According to Swala the company, block operator Tullow Oil Kenya B.V and CEPSA Kenya Limited, an affiliate of Compañía Española de Petróleos, S.A.U., have agreed on an equity distribution under the JOA for Block 12B, effective from the 31st August 2014.
Under the new disclosed agreement both Tullow and Swala Energy will hold 50 percent meaning that the latter will acquire the entire equity held by CEPSA which withdrew from the block.
“We are pleased at the amicable resolution of the issues that arose in respect of Block 12B, which allows us to focus on the operational development of 12B ahead of a planned drilling campaign in 2015,”said Swala’s CEO Dr. David Mestres Ridge.
Compañía Española de Petróleos (CEPSA) withdrew from the PSC after it was uncomfortable with the scheduled drilling by Swala Energy by Swala Energy for its first exploratory well in Kenya’s block 12B in 2015.

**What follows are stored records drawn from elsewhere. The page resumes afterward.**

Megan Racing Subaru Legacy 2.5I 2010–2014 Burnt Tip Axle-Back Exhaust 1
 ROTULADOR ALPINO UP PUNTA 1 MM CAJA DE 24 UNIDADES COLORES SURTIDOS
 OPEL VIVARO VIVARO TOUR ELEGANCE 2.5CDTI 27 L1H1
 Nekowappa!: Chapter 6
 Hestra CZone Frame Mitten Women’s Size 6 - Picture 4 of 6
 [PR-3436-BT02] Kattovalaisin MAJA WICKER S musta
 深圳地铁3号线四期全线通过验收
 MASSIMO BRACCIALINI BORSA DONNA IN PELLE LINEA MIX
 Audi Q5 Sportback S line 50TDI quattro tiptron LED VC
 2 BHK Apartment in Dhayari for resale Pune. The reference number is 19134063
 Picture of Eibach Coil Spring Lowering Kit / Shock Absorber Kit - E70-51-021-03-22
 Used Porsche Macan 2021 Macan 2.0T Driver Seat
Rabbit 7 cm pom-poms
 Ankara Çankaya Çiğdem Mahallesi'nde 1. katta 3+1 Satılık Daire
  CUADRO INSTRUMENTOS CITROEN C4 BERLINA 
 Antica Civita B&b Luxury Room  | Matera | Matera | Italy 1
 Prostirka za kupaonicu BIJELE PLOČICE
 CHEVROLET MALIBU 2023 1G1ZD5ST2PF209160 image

According to Swala Energy CEPSA had prefered more time to review the 2D seismic data come to a decision on whether to drill or drop.
Under the PSC the spanish explorer had committed to carrying Swala’s seismic costs up to a maximum of $2.6 million as well as carry through the first exploration well should they have elected to enter this first additional exploration period of the PSC.
CEPSA had in September indicated it would return its equity interest in accordance with the terms of the Joint Operating Agreement, returning 8.33% to Swala Kenya and 16.67% to Tullow Kenya B.V leading to the arbitral claim by Swala which maintained that CEPSA was obliged to return the entire 25% to Swala Kenya in accordance with the terms of the Farm-Out Agreement (“FOA”) made with CEPSA.
The transfer of equity back to Swala Kenya is conditional on Ministerial consent, which the parties shall now solicit.
Earlier this month Swala Energy announced that it is in farm-in conversations in Eastern Africa as the company seeks ways of raising alternative funding transactions to finance its drilling obligations ahead of the planned in 2015.